Short web captions
◇ ◇ ◇

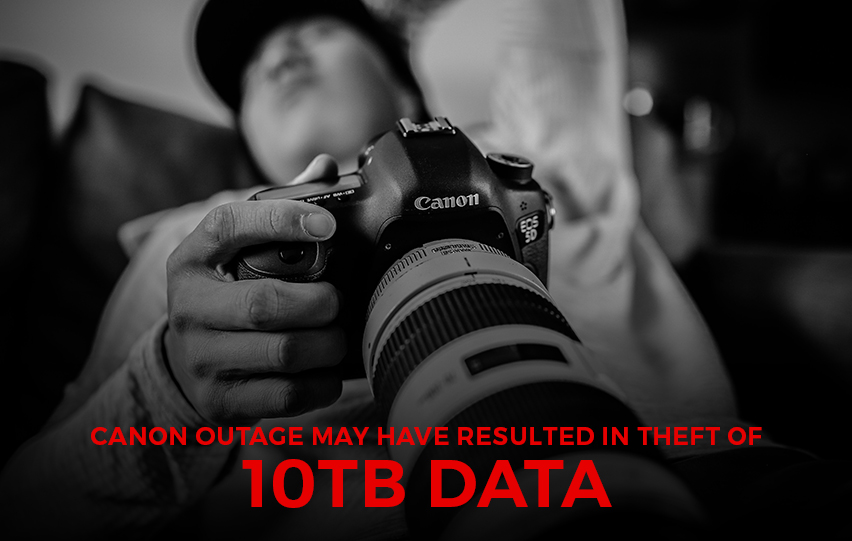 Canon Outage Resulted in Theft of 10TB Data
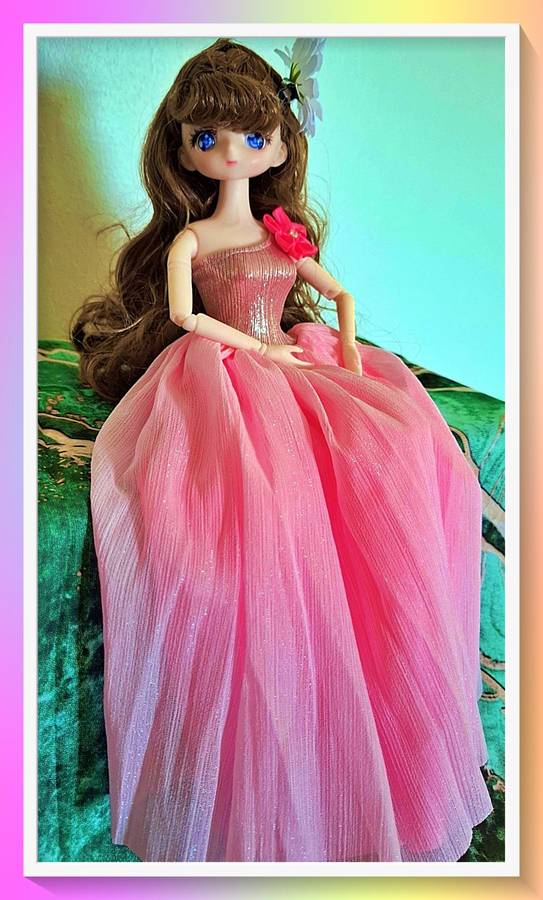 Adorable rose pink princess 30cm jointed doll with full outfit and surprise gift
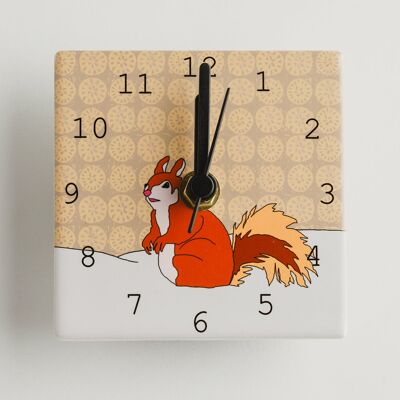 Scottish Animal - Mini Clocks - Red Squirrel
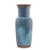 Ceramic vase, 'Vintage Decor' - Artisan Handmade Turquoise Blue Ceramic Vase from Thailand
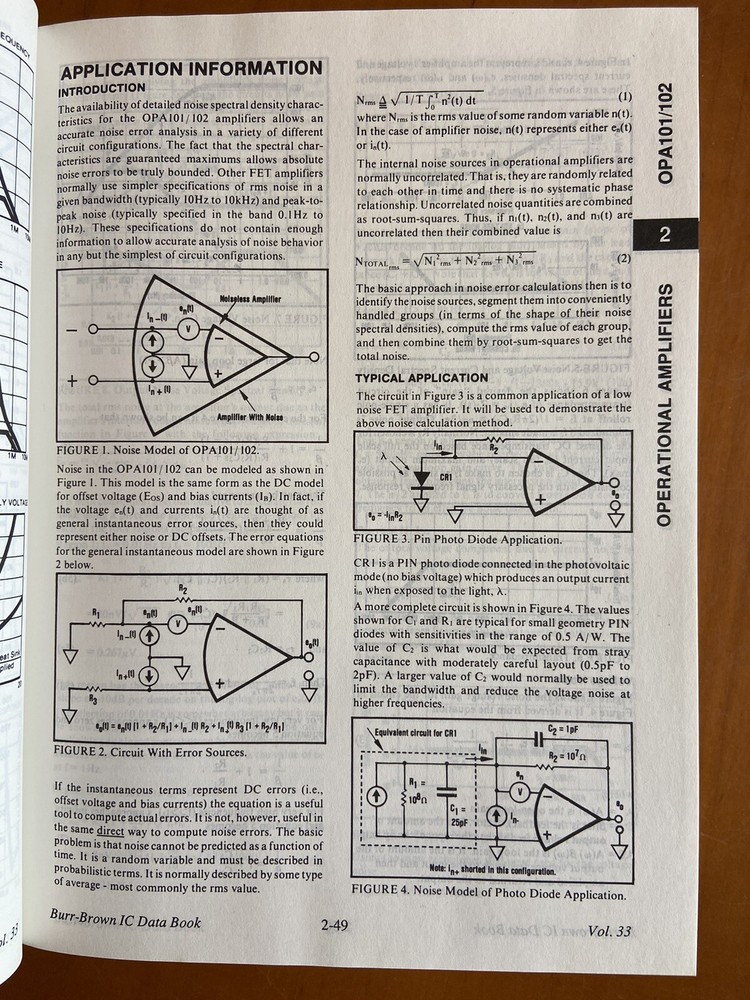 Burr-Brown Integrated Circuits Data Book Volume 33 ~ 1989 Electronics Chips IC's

◇ ◇ ◇

[WHAT IS NEEDED]
For this exercise, print all of the entries exactly as they appear, but without pictures.

[WORKED SOLUTION]
 Canon Outage Resulted in Theft of 10TB Data
 Adorable rose pink princess 30cm jointed doll with full outfit and surprise gift
 Scottish Animal - Mini Clocks - Red Squirrel
 Ceramic vase, 'Vintage Decor' - Artisan Handmade Turquoise Blue Ceramic Vase from Thailand
 Burr-Brown Integrated Circuits Data Book Volume 33 ~ 1989 Electronics Chips IC's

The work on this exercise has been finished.